If you like sweet potatoes too, you should also check the following recipes:
- Veggie Sweet Potato Crust Pizza (+ a video)
- Healthy Sweet Potato Fries with an Avocado Dip (a readers’ favorite!)
- Sweet Potato Veggie Burgers
- Sweet Potato & Goat Cheese Raviolis
- Sweet Potato & Peanut Butter Gratin
- and another recipe I love and tried that belongs to the talented Sally’s Baking Addiction, the Sweet Potato Casserole with a Crunchy Pecan Crumble
As I had some lentil leftovers at home, I decided to use them and prepare a vegan stuffing. I had seen a quite similar stuffing idea before, using chickpeas instead of lentils, so figured it would work with lentils too. Once cooked, I simply pulsed lentils in a food processor together with walnuts until cut into tiny pieces (but not pureed). Then it’s important to add the taco seasoning to spice it up. In the end, you get a texture similar to ground beef, with a great taco seasoning. Seriously, even a non vegetarian and big meat-eater would fall for this recipe!

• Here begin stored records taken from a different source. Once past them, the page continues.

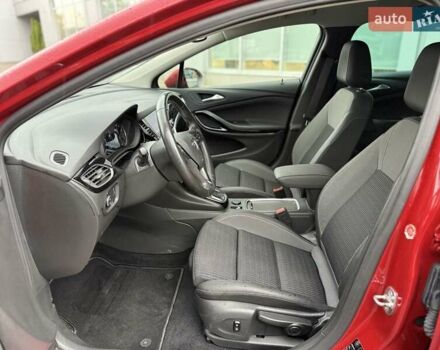 Красный Опель Астра, объемом двигателя 1.5 л и пробегом 174 тыс. км за 15300 $, фото 13 на Automoto.ua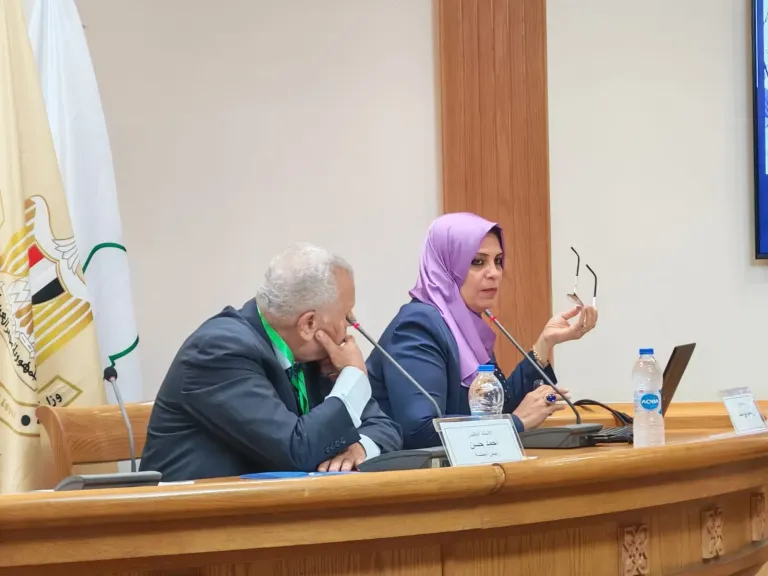 وزارة البيئة تشارك فى فعاليات مؤتمر ”التغيرات البيئية في مصر” بالمجلس الأعلي للثقافة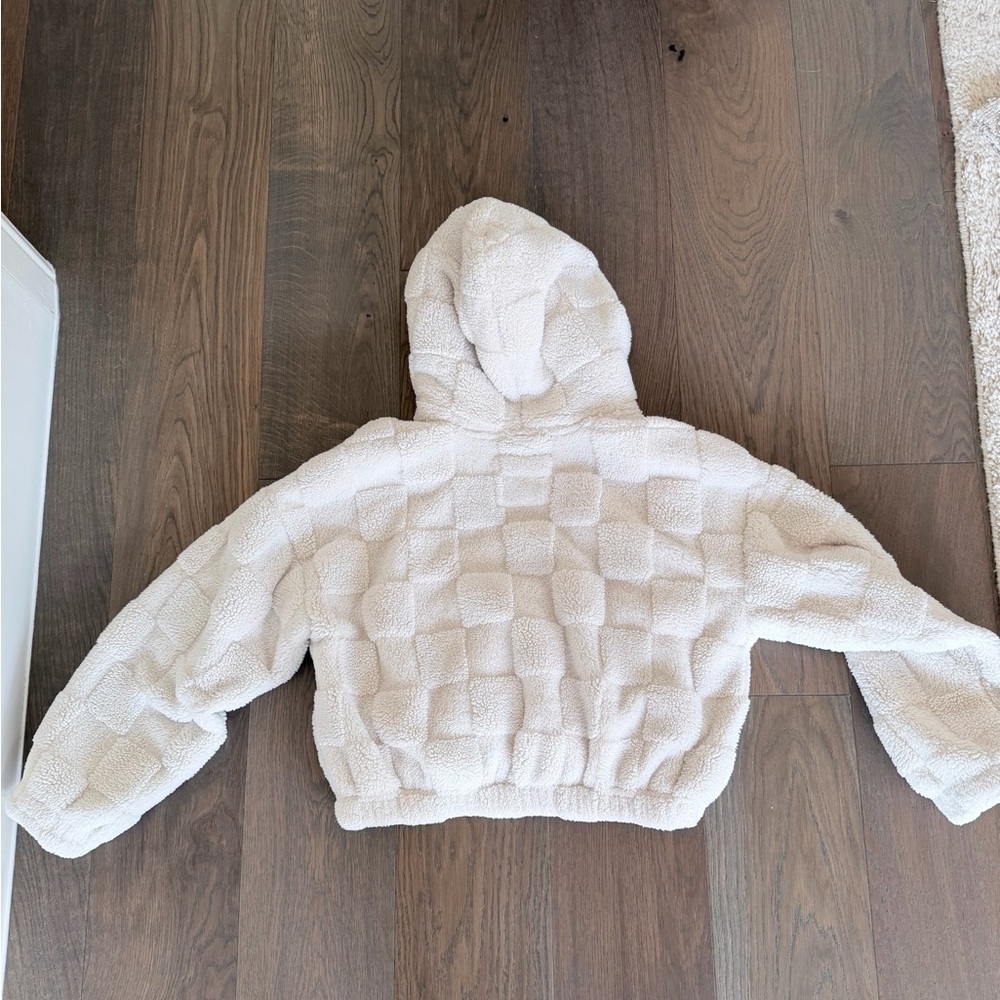 Checkered Sherpa Jacket - Picture 3 of 3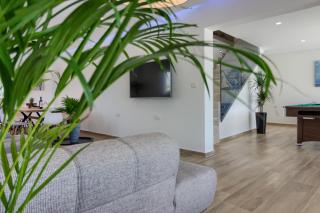 New luxury Villa with extra heated pool with hydromassage, biliard near town center - Marčana - 5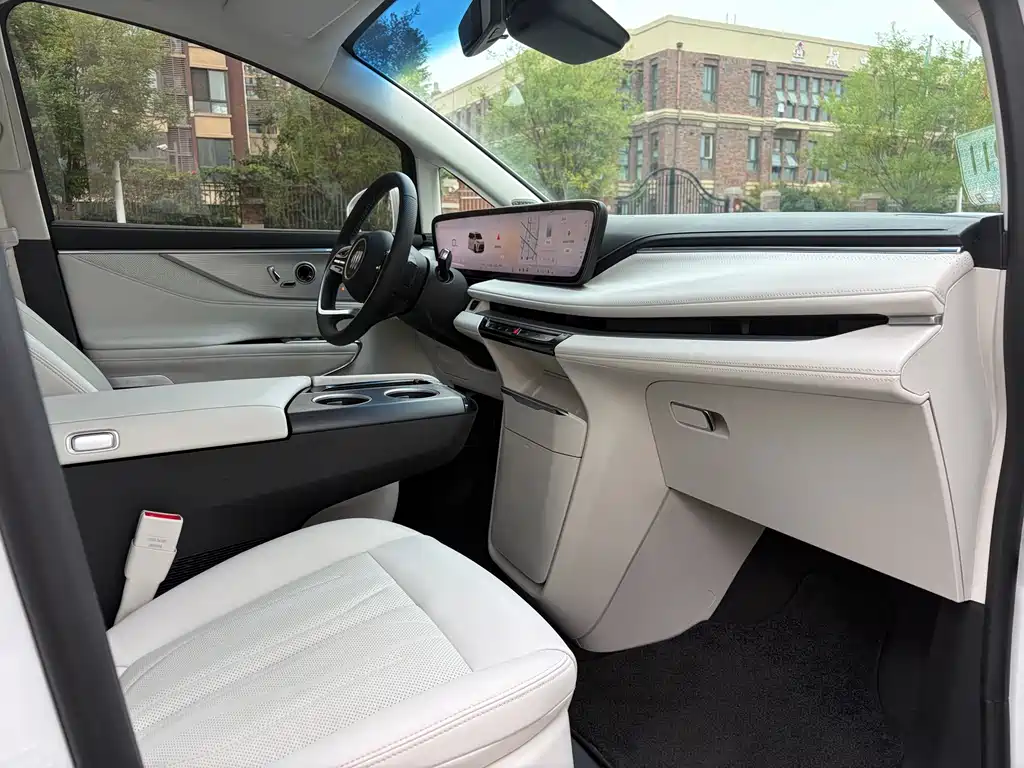 Buick GL8 Hybrid — миниатюра 32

The rest is all about the additional toppings. For this part, you could go your own way and simply serve your lentil stuffed sweet potatoes with sour cream on top if you wish. However, I highly recommend you try this red cabbage slaw and the avocado cream. Neither of them will take long to prepare. In addition, each topping adds a little something to the loaded sweet potatoes, especially if like me you enjoy contrasts in textures in a recipe. Here the cabbage slaw gives some crunchiness and a bright pink-mauve color, while the avocado cream brings a soft and smooth texture. Last but not least, sprinkle some fresh cilantro on top for a little touch of green!
This comfort plant-based and healthy dish will warm you up from the inside, leave you full and satisfied. Naturally vegan and gluten free, it’s also a great way to increase your veggie intake. As far as I am concerned, the recipe goes straight to my favorite seasonal dishes, together with the creamy coconut lentil curry. So, give it a try and let me know what you think. I’m pretty sure you’ll dot it again and again!
- 4-6 medium sweet potatoes, baked
- 2 cups (150g) cooked green lentils
- ½ cup (65g) walnuts
- 2 garlic cloves, minced
- 1 tsp hot sauce
- 2 Tbsp chili powder
- 1 tsp cumin
- 1 tsp oregano
- ½ tsp smoked paprika
- Salt & pepper
- ½ cup (120 ml) water
- ¼ small head red cabbage, shredded
- 1 Tbsp lemon juice
- 1 Tbsp apple cider vinegar
- 1 pinch salt
- 2 ripe avocados
- 1 small bunch cilantro, sliced (leaves only)
- 3 Tbsp lemon juice
- 1-2 Tbsp water (more if needed to blend)
- 1 garlic clove, minced
- Salt & pepper
- Fresh cilantro, chopped
- sliced jalapeños, salsa, hot sauce
- Preheat oven to 400F (200 C). Pierce the sweet potatoes several times with a fork and place onto a lined baking sheet. Bake for about an hour or longer, until fork tender.
- Place walnuts in a food processor, and pulse 2 or 3 times (the walnuts must be cut into tiny pieces, looking "meaty").
- Drizzle some olive oil in a large skillet, and place on medium heat. Once hot, add the cooked lentils (previously cooked according to package instructions), walnuts, garlic, spices, hot sauce, and pour some water to moisten (I advice about ½ cup/120 ml, more if needed). Cook for a few minutes, or until heated throughout.
- For the cabbage slaw, place all the ingredients in a medium bowl, and stir to combine. Refrigerate until ready to use.
- Prepare the avocado cream by combining all the ingredients in a blender or food processor, and mix until smooth and creamy. Adjust seasoning as needed, and set aside.
- Slice the sweet potatoes length-wise, stuff them with the lentil-walnut meat, and top with the avocado cream, and additional toppings (sliced jalapenos, fresh chopped cilantro, salsa and/or hot sauce).